[TASK STATEMENT]
Transcribe only what runs from the line containing "Sanborn Fire Insurance Map from" through the final line below, exactly, and leave every picture out.

[GIVEN DATA]
————————

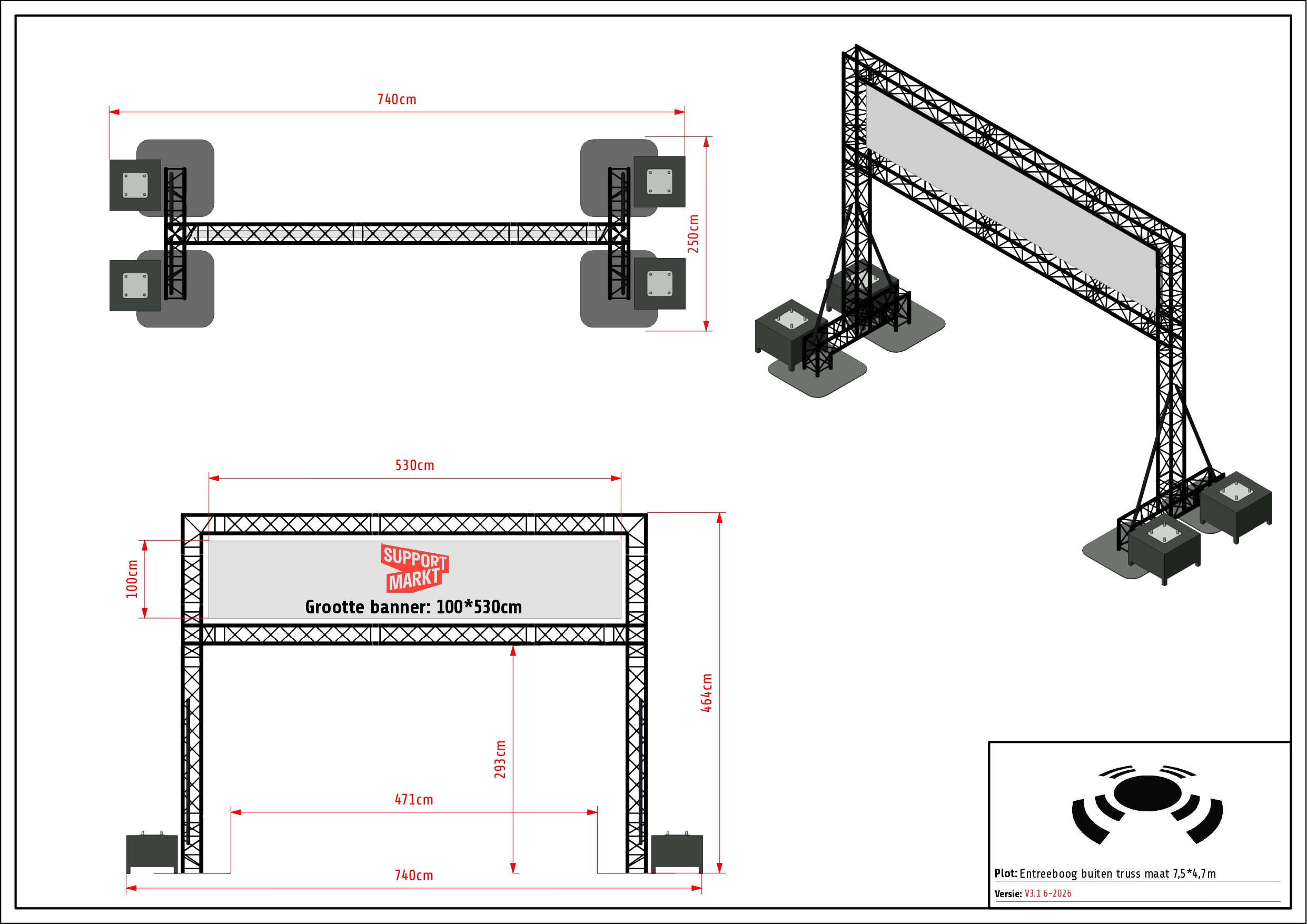 3-Entreeboog buiten truss maat 7,5x4,7m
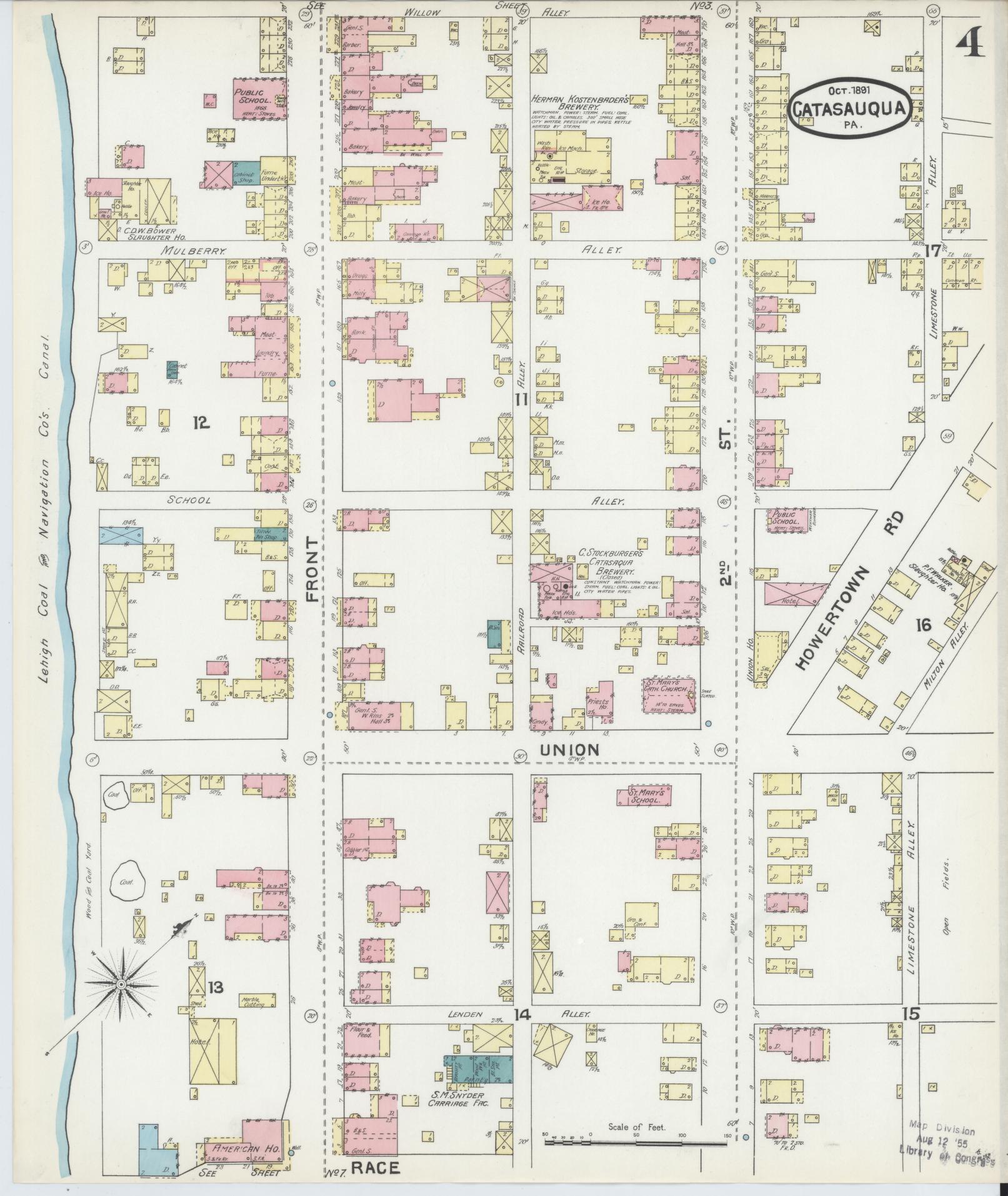 Sanborn Fire Insurance Map from Catasauqua, Lehigh County, Pennsylvania (1891), Sheet #0004 - Historic Sanborn Fire Insurance Map Print, vintage old map wall art, antique decor, genealogy gift, Pennsylvania Pennsylvania map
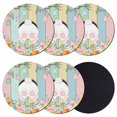 thumbnail image 1 of Easter Coasters Set of 6, Absorbent Coasters for Drinks, Spring Colorful Bunny Eggs Flower Wood Grain Coaster for Desk Coffee Table Protection, Home Decor House Warming Gifts 4", 1 of 8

————————

[EXPECTED ANSWER]
 Sanborn Fire Insurance Map from Catasauqua, Lehigh County, Pennsylvania (1891), Sheet #0004 - Historic Sanborn Fire Insurance Map Print, vintage old map wall art, antique decor, genealogy gift, Pennsylvania Pennsylvania map
 thumbnail image 1 of Easter Coasters Set of 6, Absorbent Coasters for Drinks, Spring Colorful Bunny Eggs Flower Wood Grain Coaster for Desk Coffee Table Protection, Home Decor House Warming Gifts 4", 1 of 8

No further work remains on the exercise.